The Home Office is planning to build three 1,300-cell jails and create 4,000 new spaces in ready-to-use units that will be erected in existing prisons.
Mr Reid needs the new jail spaces because of a surge that has taken the total number of prisoners in England and Wales to more than 80,000 for the first time.
Yesterday it was disclosed that 85 of the 139 jails in England and Wales were overcrowded at the end of October.
Under the funding plan, disclosed in the latest issue of Building magazine, a new jail would be built by a trust and the Government would pay the trust an annual rent for housing offenders in the prisons.
The cash paid by the Home Office for using the jail would be paid to the trust, which would then pay regular dividends to the investors.
The basic rate of income tax of 22 per cent would be deducted at source and higher-rate taxpayers would have to pay a further 18 per cent, but investors would be able to reclaim the tax if they invested through a pension or an Isa.
For small investors there would also be the advantage that there is no minimum investment level in the trusts and dividends are paid irrespective of how the shares perform.
Last night opposition politicians and penal reform groups said that the idea was a measure of the desperation facing a Government that had run out of prison places.
Harry Fletcher, assistant general secretary of the National Association of Probation Officers, asked what safeguards would be introduced to prevent organised criminals investing in the prisons.
“What perks will shareholders get should they find themselves incarcerated in one of the prisons at a later date?”
He added: “This is a desperate measure. The Treasury refused to finance new jails by conventional means so Mr Reid is having to go to this length to find a way of getting the new spaces.”

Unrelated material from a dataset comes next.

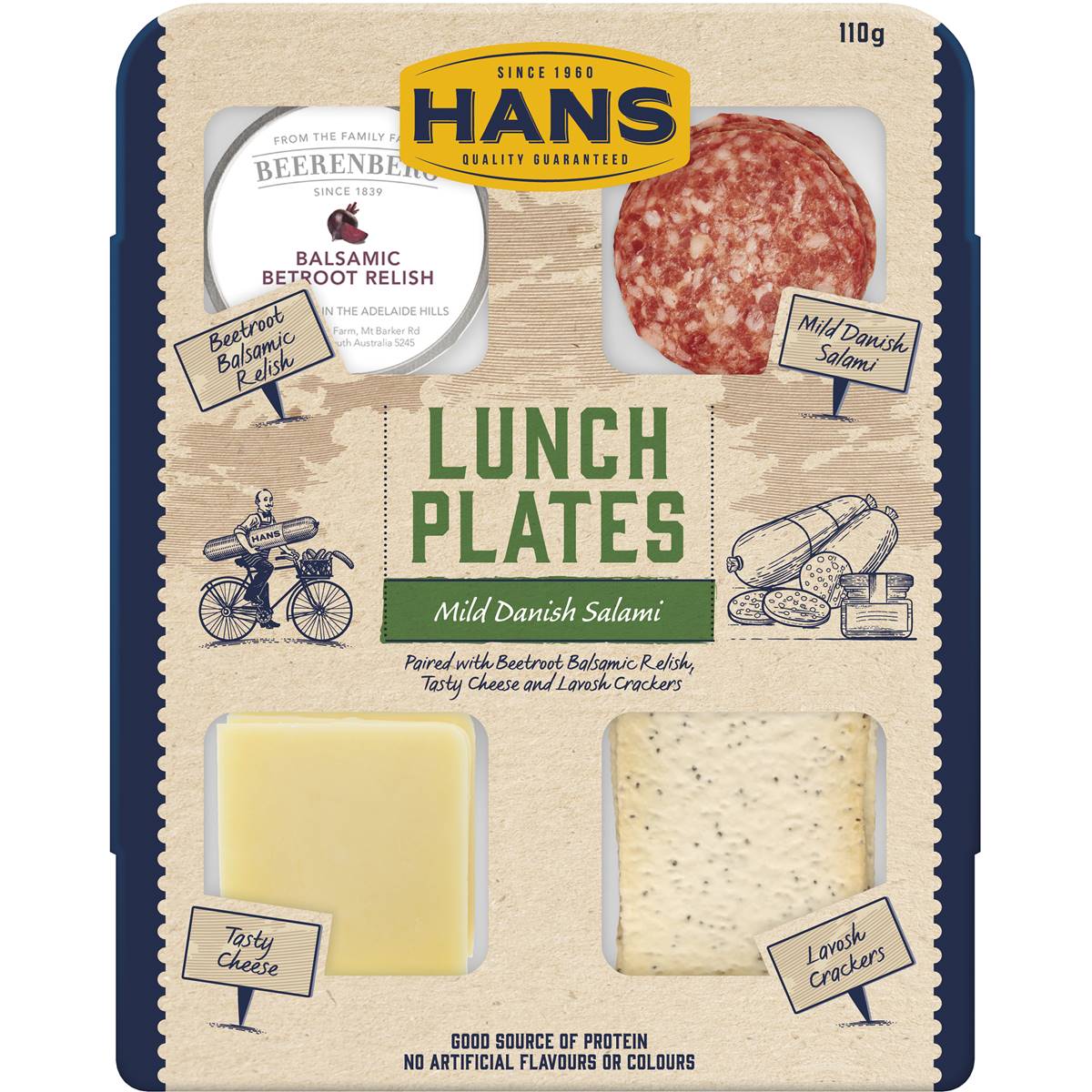 Calories in Hans Lunch Plate Mild Danish Salami & Beetroot Relish calcount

David Davis, the Shadow Home Secretary, said that the proposal was a consequence of the Government’s failure to address the lack of capacity in the prison system.
“The Home Office has actually seen its budget frozen. As a result we see John Reid reduced to begging the public to stump up even more of their cash to pay to deal with Labour’s failure.”
Mr Reid’s Home Office budget has been frozen for the next three years, causing a serious cash crisis in the department.
He has scrapped the introduction of a non-emergency 101 number for the public and abandoned Labour’s general election pledge to have 24,000 police comunity support officers by April 2008.